– Товарищи, давайте сделаем так от нынешнего дня, чтобы всякий выстрел говорил нам: «Одного буржуя, одного социалиста уже нет в живых!» Каждая пуля, выпущенная нами, должна лететь в толстое брюхо, она не должна пенить воду в бухте.

– Товарищи, берегите патроны пуще глаза. С одним глазом еще можно жить, но без патронов нельзя.

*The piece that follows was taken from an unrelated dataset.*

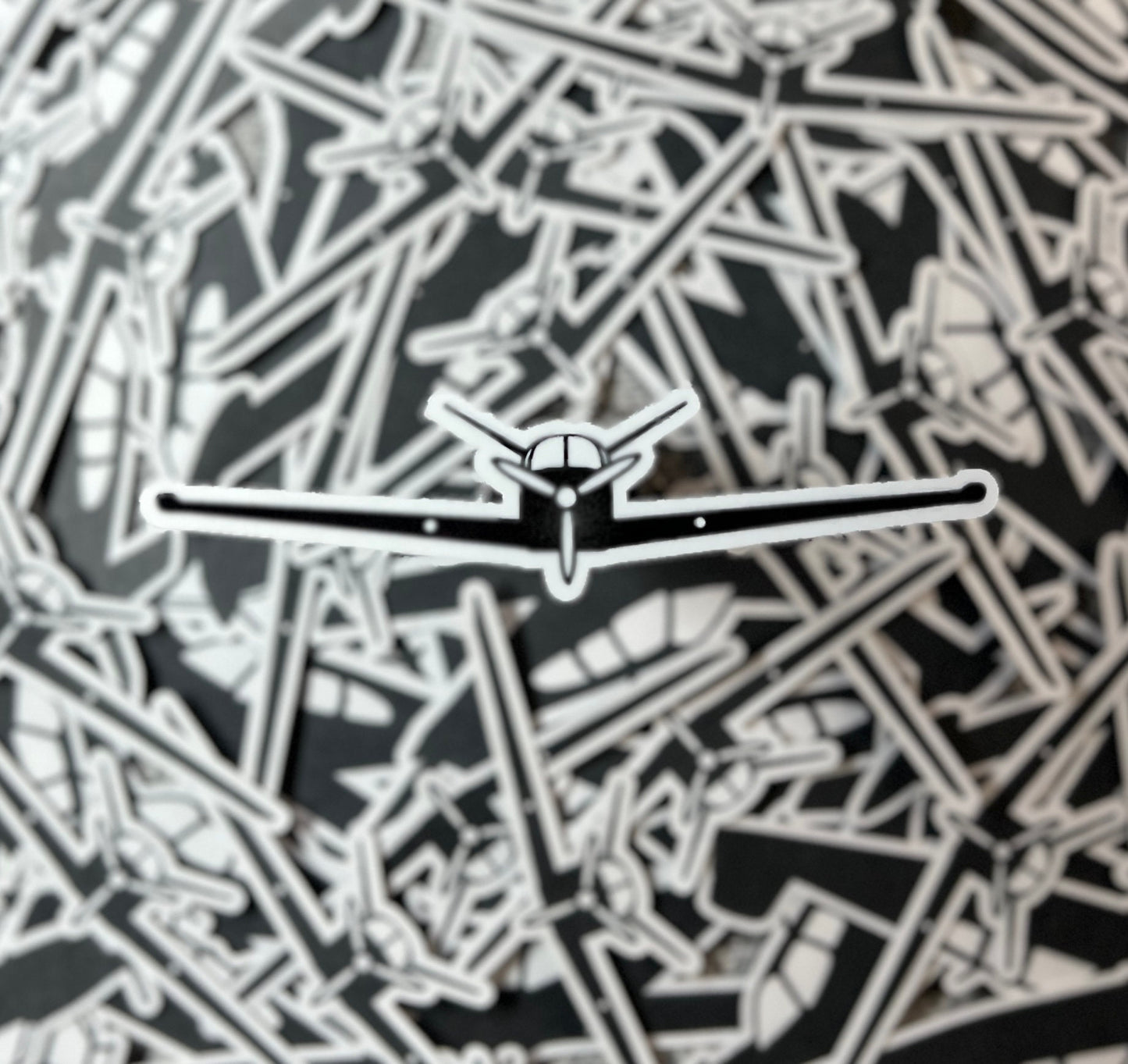 Beechcraft Bonanza 35 V-Tail Front View With Tip Tanks Sticker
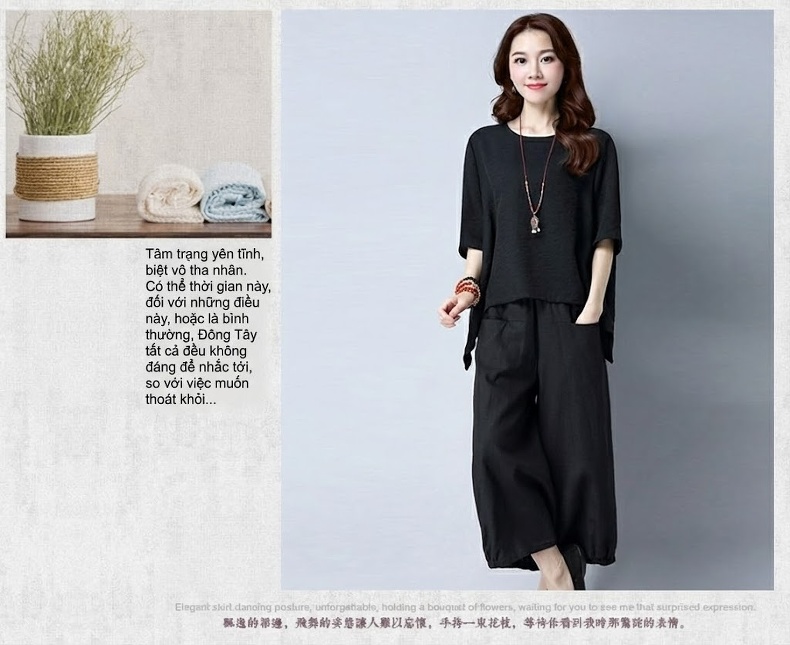 Bộ Quần Áo Nữ Cotton Linen Áo Kiểu Tay Lỡ Quần Ống Rộng Phong Cách Hàn Quốc Màu Đen, Đỏ Rượu Vang, Xanh Lá, Trắng chi tiết 16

– Если стрельба при ближайших похоронах возобновится по городу и бухте, помните, что и мы, военные моряки линейного корабля «Свободная Россия», выстрелим один разочек, и тогда не пеняйте на нас, если у всех полопаются барабанные перепонки и стекла в окнах.

– Итак, товарищи, больше в Севастополе пустой, дурной стрельбы не будет, будет стрельба только деловая – в контрреволюцию и буржуазию, а не по воде и воздуху, без которых и минуты никто не может жить!

20 февраля.

Ездил на Николаевский вокзал.

Очень, даже слишком, солнечно и легкий мороз. С горы за Мясницкими воротами – сизая даль, груды домов, золотые маковки церквей. Ах, Москва! На площади перед вокзалом тает, вся площадь блещет золотом, зеркалами. Тяжкий и сильный вид ломовых подвод с ящиками. Неужели всей этой силе, избытку конец? Множество мужиков, солдат в разных, в каких попало шинелях и с разным оружием – кто с саблей на боку, кто с винтовкой, кто с огромным револьвером у пояса. Теперь хозяева всего этого, наследники этого колоссального наследства – они…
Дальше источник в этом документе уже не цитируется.